Ch 13: Retrieval-Augmented Generation (RAG) - Advanced¶

Track: Practitioner | Try code in Playground | Back to chapter overview

Read online or run locally

To run the code interactively, clone the repo and open chapters/chapter-13-retrieval-augmented-generation/notebooks/03_advanced_rag.ipynb in Jupyter.

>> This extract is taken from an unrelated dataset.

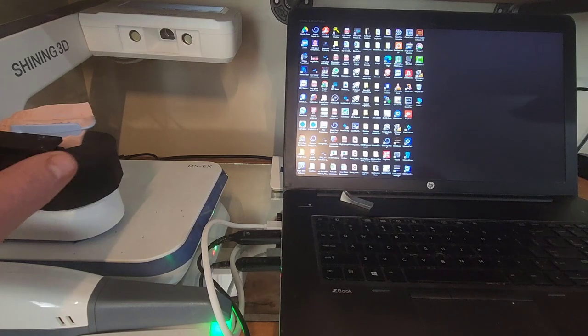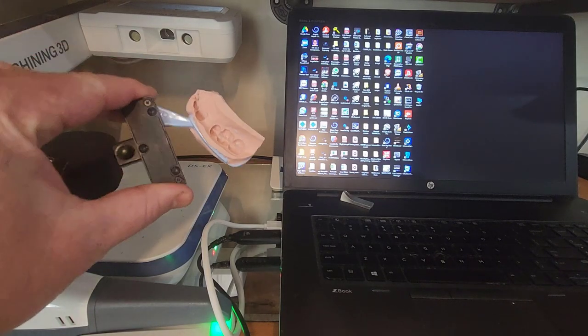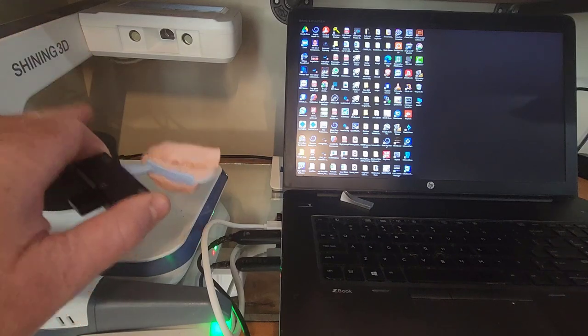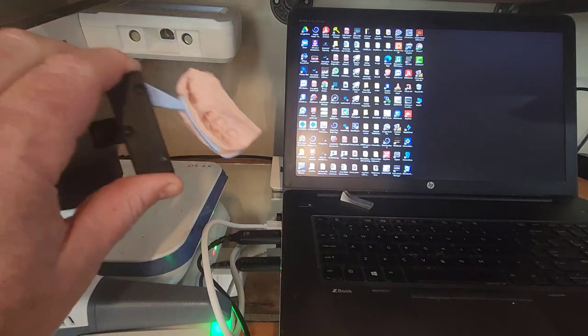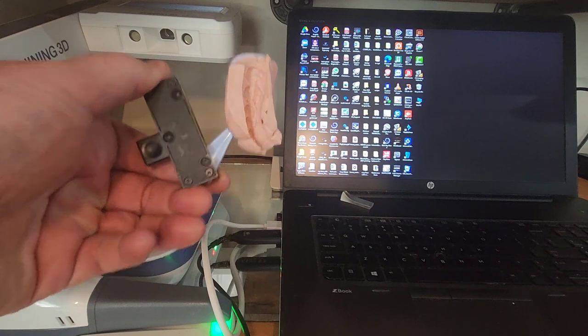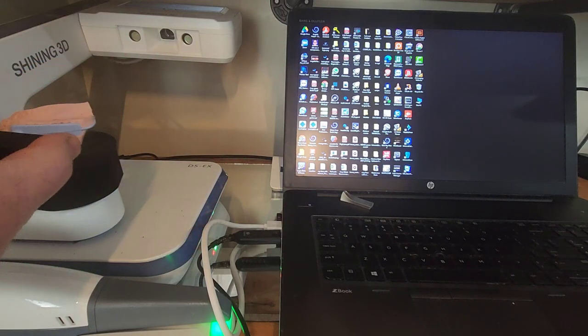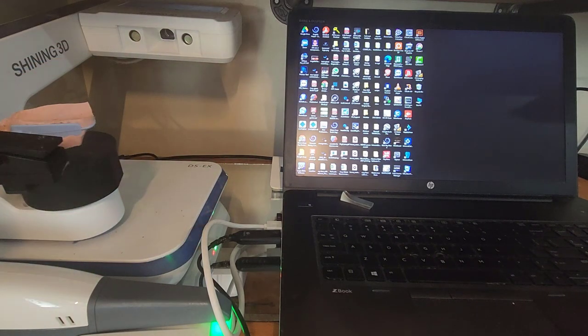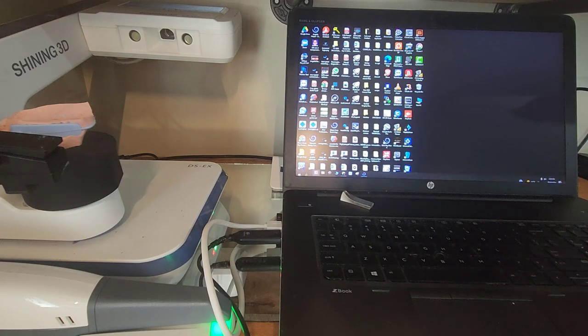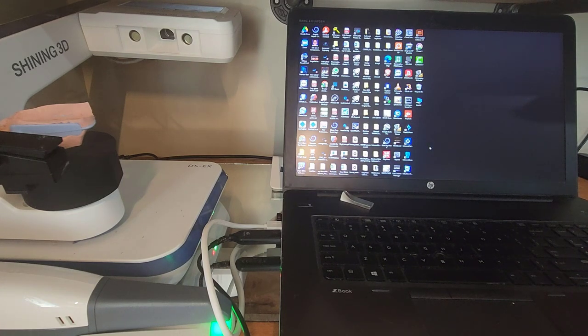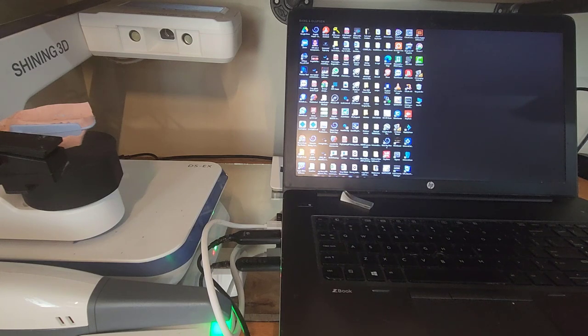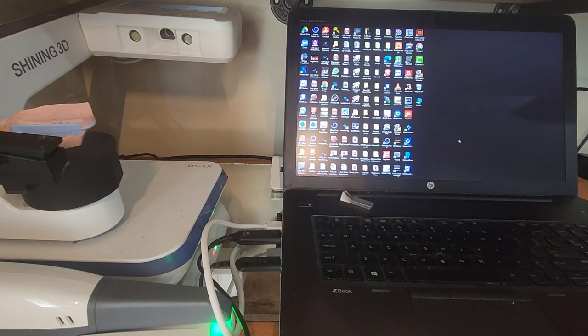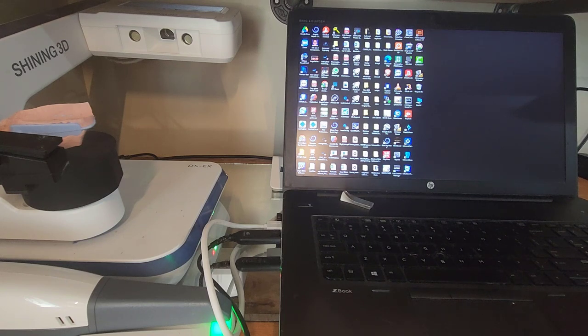Hey, this is Dr. Corey Glenn. I'm going to be showing today how to use the Shining 3D DSEX Pro scanner to scan this triple tray. So this is actually for a guided surgery. The doctor, to generate their STLs, just took a simple triple tray impression. And so we're going to scan that with the scanner, generate the STLs, and then we'll pull that into Blue Sky Plan to generate the surgical guide.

Chapter 13: RAG — Notebook 03 (Advanced RAG)¶

This notebook tackles hybrid search (dense + BM25 with reciprocal rank fusion), query rewriting / HyDE / multi-query, faithfulness and answer-relevance metrics, agentic / multi-hop intuition, and production concerns (latency, caching, freshness, sharding, cost).

What you'll learn¶

Topic	Section
Hybrid search: dense + BM25 with reciprocal rank fusion	§1
Query rewriting, HyDE, and multi-query expansion	§2
Faithfulness and answer-relevance metrics	§3
Agentic / multi-hop retrieval intuition	§4
Production: latency, caching, freshness, sharding, cost	§5
Capstone design and bridge to Chapter 14	§6

Time estimate: 2 hours

Key concepts¶

Hybrid search — Combine dense (semantic) and sparse (keyword) retrieval; RRF fuses their rankings.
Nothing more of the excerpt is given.